It can be kindof amazing when a former au pair comes back to visit.
You remember her when, and she remembers you, and now everyone has grown and changed (usually for the better!). Depending on how things were when your au pair departed, and where you are as a family and as a parent, your au pair’s return can be easy, or stressful.
What can you do to make your au pair’s visit great for everyone?
I loved it when one of our au pairs came back for a month-long visit.
She was on her way to a summer job as a camp counselor, and wanted to spend some time in her old stomping ground seeing old friends. We were without an au pair at that point, as so our former au pair just moved back into the au pair room, and nearly picked up where she’d left off two years before.
Her visit was wonderful all around — she had a place to stay and a home base for lots of visiting. She pitched in with a bit of babysitting. (Unpaid, and her effort to repay us for “all the Diet Coke she was drinking”.) Hosting her was also pretty easy– she already knew where things were, how things unfolded, what she could do to help, and more. I was happy to let her use the car, and I honestly didn’t mind when she came in late at night and creaked up to the third floor. The kids loved having her around and were excited to show off all the things they’d learned and all the ways they’d grown up.
That we had no other au pair for her to crowd out, overshadow, or coordinate with, and that we had the space, were part of what made her visit easy. But, truth is, I loved having her company, and I was sad to let her go again.

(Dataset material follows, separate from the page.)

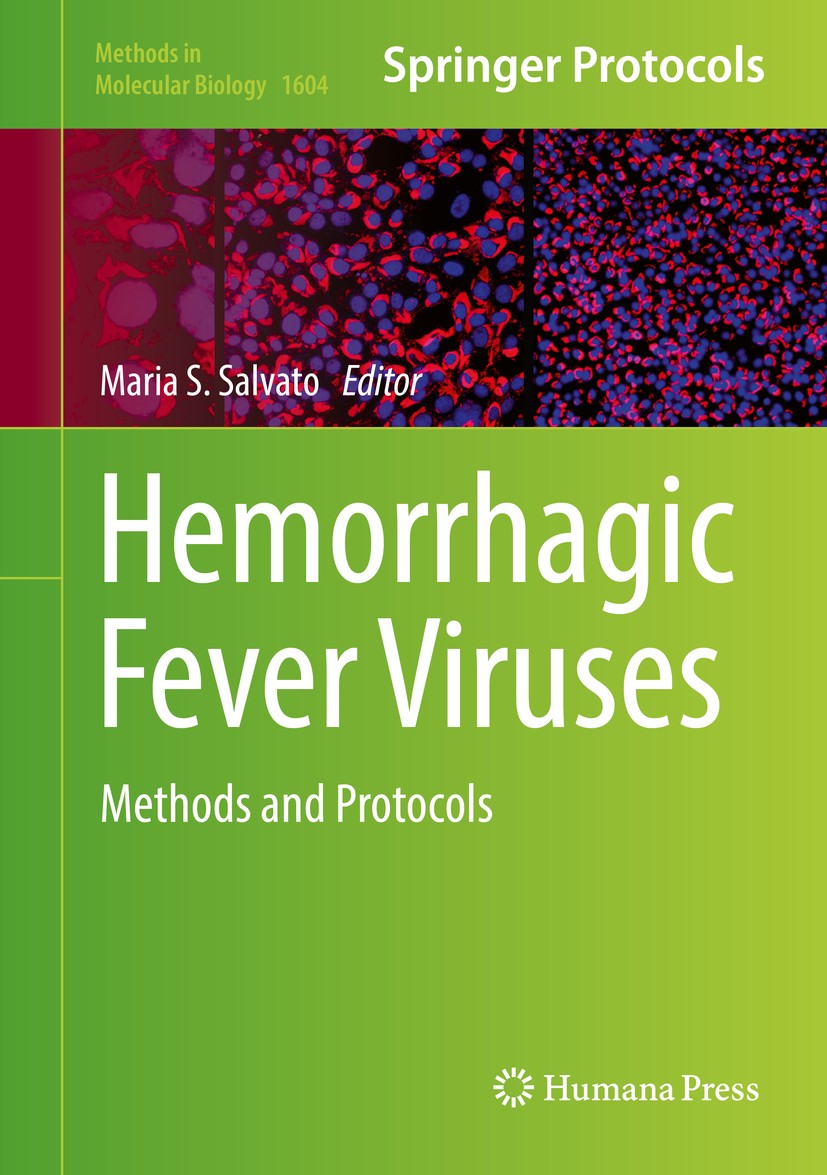 Titlebook: Hemorrhagic Fever Viruses; Methods and Protocol Maria S. Salvato Book 2018 Springer Science+Business Media, LLC, part of Springer Nature 20 Titlebook: Hemorrhagic Fever Viruses; Methods and Protocol Maria S. Salvato Book 2018 Springer Science+Business Media, LLC, part of Springer Nature 20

When we got this email, below, from HerFormerHostMom, I wasn’t able to think of too many expectations I’d want to set. It sounds just like our situation was, which was so smooth that I can’t even imagine any hiccups that I might have had to prepare for. But, I expect it’s not that easy with every returning au pair.
Dear AuPairMom —
Our fantastic au pair left us last summer after her year was up. We loved her and miss her very much. She has just let us know that she has a month off in the summer and was wondering if she could stay with us for a bit.
We are thrilled that we’ll get to see her, but definitely would like some tips on how to set up the visit and manage expectations. She was very responsible and I suspect would not take advantage of us in anyway, but I know that I would like to set up some expectations before the visit starts.
Does anyone have tips for when an au pair comes back to visit?
What advice would you give this mom, as she prepares to have her former au pair visit?